Based at Oslo University Hospital, Rikshospitalet, Norway, the trial will evaluate the agent’s safety profile and how injections of it are eliminated from the body in healthy subjects.

“This manganese-based MR agent is one of a number of novel agents we have at various stages of development in our innovation pipeline, all of which aim to give practitioners more choice in delivering precision care for their patients,” said Dr. Paul Evans, head of global R&D at GE HealthCare’s pharmaceutical diagnostics unit, in a statement.

GBCAs have been linked to issues in people with advanced kidney failure and renal insufficiency, including nephrogenic systemic fibrosis, a painful and often fatal disease characterized by thickening and darkening of the skin and organs.
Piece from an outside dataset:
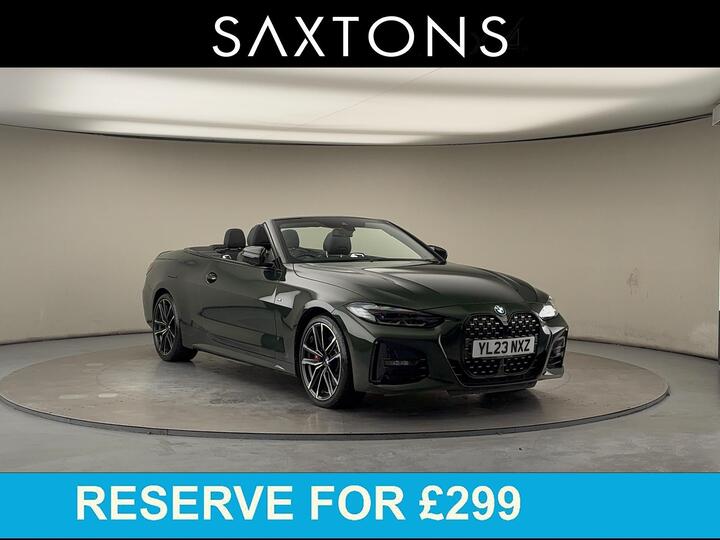 BMW 4 Series 2.0 420i M Sport Auto Euro 6 (s/s) 2dr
In the last decade, evidence has emerged suggesting that gadolinium also accumulates in the brain and can lead to gadolinium deposition disease in people with normal renal functioning.

While no adverse impacts have been found, the FDA now requires “black box” warnings about the heavy metal. Additionally, GBCAs increase gadolinium levels in earth’s surface waters, as patients expel it in their urine within 24 hours. When exposed to UV light, it becomes toxic. Japanese researchers emphasized this in a 2020 study after finding spikes in gadolinium throughout their city’s river waters.